Addiction was viewed to be the consequence of poor choices or moral failure or shortage of personal responsibility or criminal behavior. Such attitudes have matched with the US enforcement’s ‘war against drugs’ for decades in the 20th century, where drug users were punished with jail time. In addition, treatment options differ wildly from one place to another owing to lack of standardization across rehab sector.
According to , addiction has not been well supported by the healthcare sector for a long time. The rehab facilities were high-end places for the rich and poor got primitive resources. In 1952, alcoholism was officially accepted as a disease. Generally, public and professional understanding started to evolve. The idea to treat each kind of addiction as chronic medical state was proposed in 2000.
Recently, the major catalyst, which supports in moving addiction treatment towards evidence based medical approach are Addiction Equity Act, Mental health Parity, and Affordable Care Act. In the last two decades, addiction medicines are changing. Old saying that addiction is moral failing is vanishing and is being replaced by being legitimate science.
Language not just reflects but even influences your approaches, viewpoints and attitudes. Language is also evolving overtime. Today, in behavioral health sector, the term ‘inebriates’ is used to refer to people suffering from alcohol use disorder. New knowledge and awareness of addiction to be a brain disease has led to language evolution. Stigmatized terminology like character flaw or moral failure are tried to be replaced with evidence based medical jargon, which reflects psychological, biological, and social characteristics of the condition.

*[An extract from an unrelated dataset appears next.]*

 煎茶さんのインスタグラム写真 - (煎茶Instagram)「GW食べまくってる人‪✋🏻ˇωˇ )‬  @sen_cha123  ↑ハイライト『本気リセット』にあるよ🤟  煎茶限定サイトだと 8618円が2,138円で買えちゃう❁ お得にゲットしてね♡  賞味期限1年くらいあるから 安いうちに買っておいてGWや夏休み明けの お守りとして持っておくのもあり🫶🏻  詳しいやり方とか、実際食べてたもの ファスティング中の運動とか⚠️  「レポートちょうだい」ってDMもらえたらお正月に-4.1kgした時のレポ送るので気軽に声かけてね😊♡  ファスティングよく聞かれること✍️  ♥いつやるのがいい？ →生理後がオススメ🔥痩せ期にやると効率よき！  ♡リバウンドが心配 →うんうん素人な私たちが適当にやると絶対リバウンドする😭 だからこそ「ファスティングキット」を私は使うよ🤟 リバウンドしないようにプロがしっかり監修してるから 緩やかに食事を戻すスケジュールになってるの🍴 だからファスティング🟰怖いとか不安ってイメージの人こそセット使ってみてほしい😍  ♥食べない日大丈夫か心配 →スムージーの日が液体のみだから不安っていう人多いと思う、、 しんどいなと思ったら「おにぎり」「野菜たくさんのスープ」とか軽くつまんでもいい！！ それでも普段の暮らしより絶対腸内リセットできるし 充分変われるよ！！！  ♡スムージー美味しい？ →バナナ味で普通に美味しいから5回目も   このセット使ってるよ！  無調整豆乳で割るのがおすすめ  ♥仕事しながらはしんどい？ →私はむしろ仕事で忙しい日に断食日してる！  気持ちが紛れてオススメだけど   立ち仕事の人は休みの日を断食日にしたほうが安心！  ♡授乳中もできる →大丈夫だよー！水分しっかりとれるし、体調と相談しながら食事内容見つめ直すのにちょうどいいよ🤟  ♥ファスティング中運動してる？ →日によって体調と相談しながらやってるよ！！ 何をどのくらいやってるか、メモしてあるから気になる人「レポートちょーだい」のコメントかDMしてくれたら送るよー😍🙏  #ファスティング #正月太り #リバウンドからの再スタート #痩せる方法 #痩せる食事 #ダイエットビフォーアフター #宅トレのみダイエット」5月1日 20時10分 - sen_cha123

Stigmatizing language, which refers to the condition or the person can turn into a barrier for someone seeking treatment, which is crucial in this moment of national crisis regarding drug overdose death. In 2015 more than 50,000 people in the US died due to drug overdose. In 2016, the numbers increased making drug overdose the main reason for accidental deaths.

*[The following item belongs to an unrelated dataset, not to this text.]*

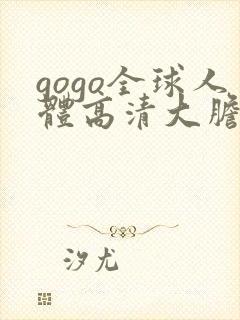 gogo全球人体高清大胆亚洲av封面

In a study, describing an addiction patient as ‘substance abuser’ invoked significant stigmatizing attitudes in comparison to those described as ‘having substance use disorder’. Terms like ‘slip’ or ‘lapse’ need to be used instead of medical terms like ‘re-occurrence’ or ‘relapse’ of symptoms, so as to convey the event seriousness and its medical description.

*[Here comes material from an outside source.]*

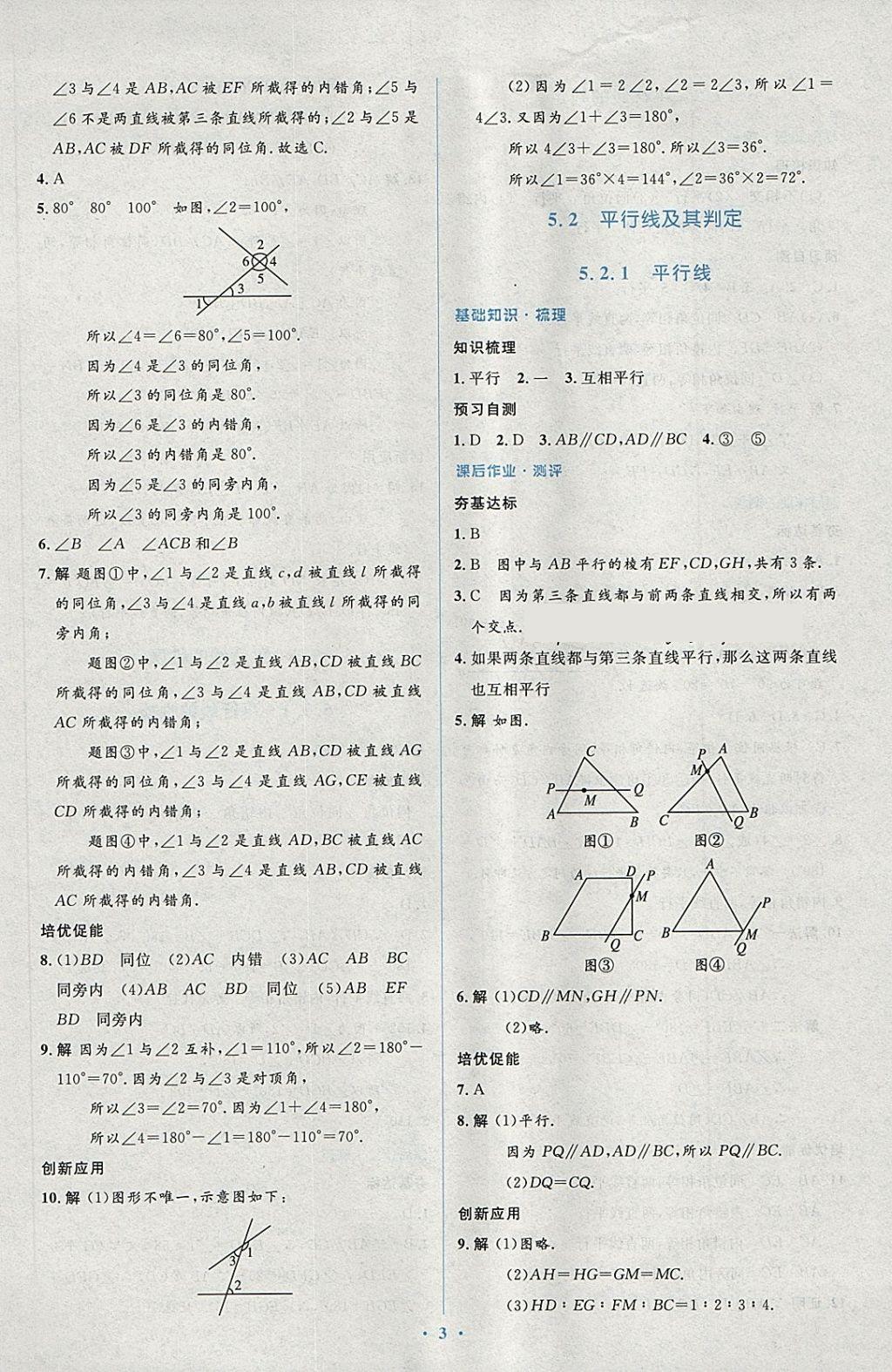 2018年人教金学典同步解析与测评学考练七年级数学下册人教版 第5页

Doctors have specific standards of care in treating chronic disease like diabetes and cancer, similarly the new medical model of treating addiction needs its personal standard of care. Insurance companies need a ground to pay for rehab treatments. They expect the rehab centers to perform addiction treatment on the basis of medical model. Insurance constrains often instruct that rehab centers employ licensed and certified psychotherapists or counselors.
Medical approach means not just helping patients quit alcohol and drugs but also addressing the core behavioral health problems, which majority of substance users experience. Certain emotional characteristics like ADHD or depression or trauma history or abusive past, often co-occur and substance usage is a self-medication way to ease crunching emotional pain. The moment you start treating these psychological issues, the addiction also gets treated.
Treatment centers also need to apply different methods rather than working on the same model. Patients will need systems that measure their follow-up progress even after they complete the program. It is accepted that substance abuse is brain illness but brain functions are hardly measured. Measurement-based care is crucial and it is time to set standards like other medical specialties.